As I began to take more interest in the garden I also started learning how to care for the plants I have for so long basically ignored. One of those things was my lilac. One day I was up on the roof of my shed trying to trim back the apple tree and the lilac tree when I realized that the apple tree was actually killing the lilacs; it was just too crowded. I took out the apple tree since it never bore fruit and I focused on the lilacs. Now, most people who read this will know that a lilac is a bush; I knew it... but mine had become a lilac tree. I was so tall, you could barely see the blooms. It took a friend looking at it to point out that I needed to prune it harshly in order to get it back to being a bush, to push the green down and allow the blooms to really flourish. Yesterday I took the tree trimmer and I went after the lilacs. As I worked and cut I felt like I was killing it, All the branches were falling at my feet and my heart was so sad as it got more and more bare. Now, sitting below the lilac is a fairy home, in the lower branches hang fairy lights and beaded suncatchers, glass bottles with lights also hang from the lower branches in an attempt to add magic to the garden even after the sun goes down. It is a pretty spot. When I stood back after my extreme pruning I saw all the bare spots and sat on the deck contemplating it with both sadness and hope. Then I had an epiphany.
It is an age-old analogy, but pruning a tree to give it more health and beauty is necessary. Pruning humans will have the same results. My lilacs were really pretty, I enjoyed them, they bloomed each year, but they were not what they started out to be. They were meant to be a bush, they started as a bush but time and neglect had turned them into a tree and it was getting so tall that the beauty was becoming more and more difficult to see each year. It took someone reminding me that it was actually a bush for me to finally realize I needed to do something about it.
Last November when I sat in my doctors' office and answered the questions she asked me it was like someone pointed out that I was not a tree, I was actually meant to be a bush and my beauty was becoming more and more difficult to see because I wasn't who I was supposed to be.
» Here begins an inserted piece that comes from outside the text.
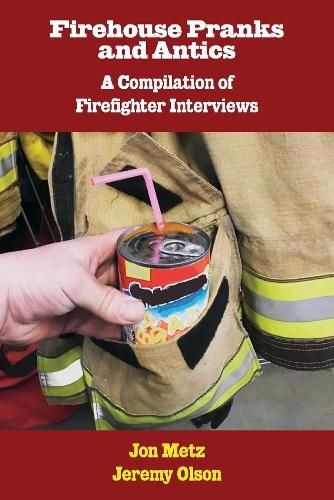 Cover image for Firehouse Pranks and Antics: A Compilation of Firefighter Interviews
The pruning process is hard, it hurts, it's left me bare, I may be hanging a few pretty lights and beads on it to look okay but the reality is that it's an ugly process. Some of the questions made me remember who I was, the person I was before all the years of struggling to keep my head above water, and I was shocked that I had forgotten that woman, that she had become so distant that I could barely remember being her at all. I have neglected her to focus on more pressing matters but it's springtime and now I need to prune her, or God does at least.
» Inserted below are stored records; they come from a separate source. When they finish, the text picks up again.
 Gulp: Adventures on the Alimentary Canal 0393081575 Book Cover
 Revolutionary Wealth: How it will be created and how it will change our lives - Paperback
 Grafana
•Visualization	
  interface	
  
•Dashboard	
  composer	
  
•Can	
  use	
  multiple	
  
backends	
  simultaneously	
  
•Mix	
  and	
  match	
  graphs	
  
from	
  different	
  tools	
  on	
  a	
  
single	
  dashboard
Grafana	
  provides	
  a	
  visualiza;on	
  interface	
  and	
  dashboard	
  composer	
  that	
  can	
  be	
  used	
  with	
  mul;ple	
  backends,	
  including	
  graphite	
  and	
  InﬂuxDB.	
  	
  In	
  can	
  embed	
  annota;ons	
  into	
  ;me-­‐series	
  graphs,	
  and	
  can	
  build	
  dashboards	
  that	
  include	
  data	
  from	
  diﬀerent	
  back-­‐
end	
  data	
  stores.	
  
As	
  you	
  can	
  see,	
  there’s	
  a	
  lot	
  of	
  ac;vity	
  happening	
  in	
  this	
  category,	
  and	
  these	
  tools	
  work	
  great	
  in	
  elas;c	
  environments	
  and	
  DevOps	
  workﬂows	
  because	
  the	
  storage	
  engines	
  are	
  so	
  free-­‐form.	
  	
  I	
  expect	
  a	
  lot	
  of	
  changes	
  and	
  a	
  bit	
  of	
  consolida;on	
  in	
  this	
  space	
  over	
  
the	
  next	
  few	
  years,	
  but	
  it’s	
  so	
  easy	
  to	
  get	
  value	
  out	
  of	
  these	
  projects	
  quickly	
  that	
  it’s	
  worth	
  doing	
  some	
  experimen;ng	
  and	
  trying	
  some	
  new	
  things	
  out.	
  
As I sat on my deck looking at my poor bare lilac I began to have hope, because the promise is that all that pruning will bring even more green branches and blooms next year, and the beauty will be more visible, and even more the year following that. It was killing a tree to bring back a bush.
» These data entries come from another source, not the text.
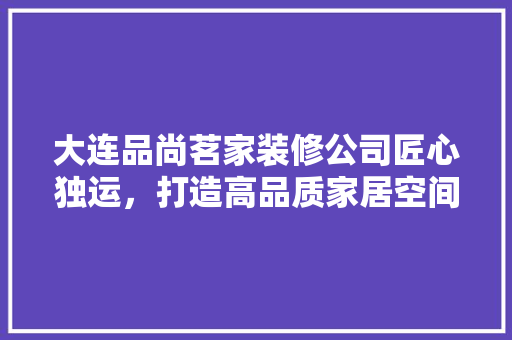 大连品尚茗家装修公司匠心独运，打造高品质家居空间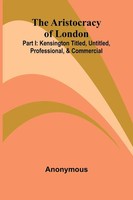 Anonymous | The Aristocracy Of London | Taschenbuch | Englisch (2025)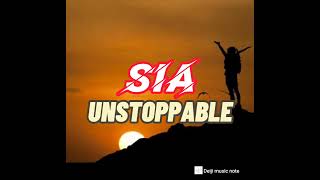 SIA - UNSTOPPABLE lyrics | lirik lagu terjemahan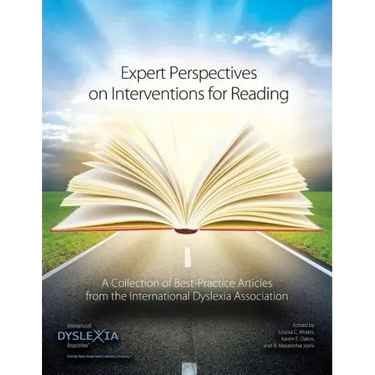 Expert Perspectives on Interventions for Reading: A Collection of Best-Practice Articles from the International Dyslexia Association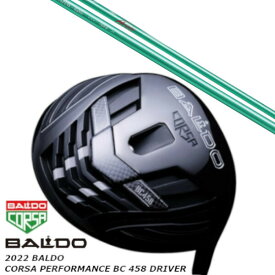 カスタムクラブ 2022 バルド BALDO CORSA PERFORMANCE BC 458 ドライバー Arch golf KaMs…164α シャフト
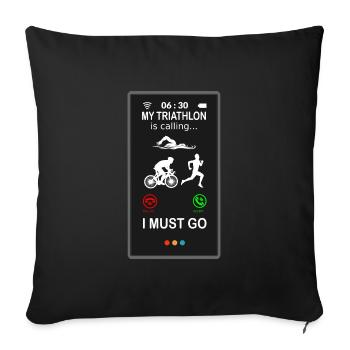Triathlon is Calling funny funny saying - Sofa pillowcase 17,3'' x 17,3'' (45 x 45 cm) - black - Front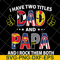 FTD19052118-i have two titles dad and papa and i rock them both svg, png, dxf, eps digital file FTD19052118.jpg
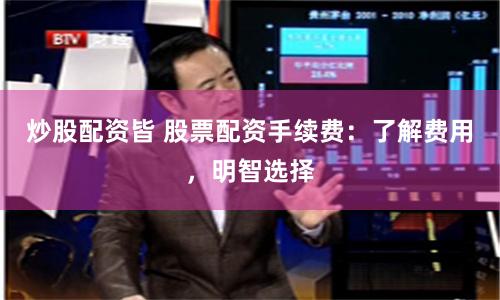 炒股配资皆 股票配资手续费：了解费用，明智选择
As I sift through the last 11 years I realize that I have a lot of pruning to do, cutting out the internal voice that has been lying to me, the fears, and the anger that has gone so deep into my roots that it spreads into all areas of my life and just leaves a deep sadness that needs to be sorted through and cut out, and that will take work, sweat and tears, it will leave me bare for a time, it will feel ugly for a bit but with time my true self will begin to show herself again. I will once again bloom and be visible and known for what I was actually intended to be.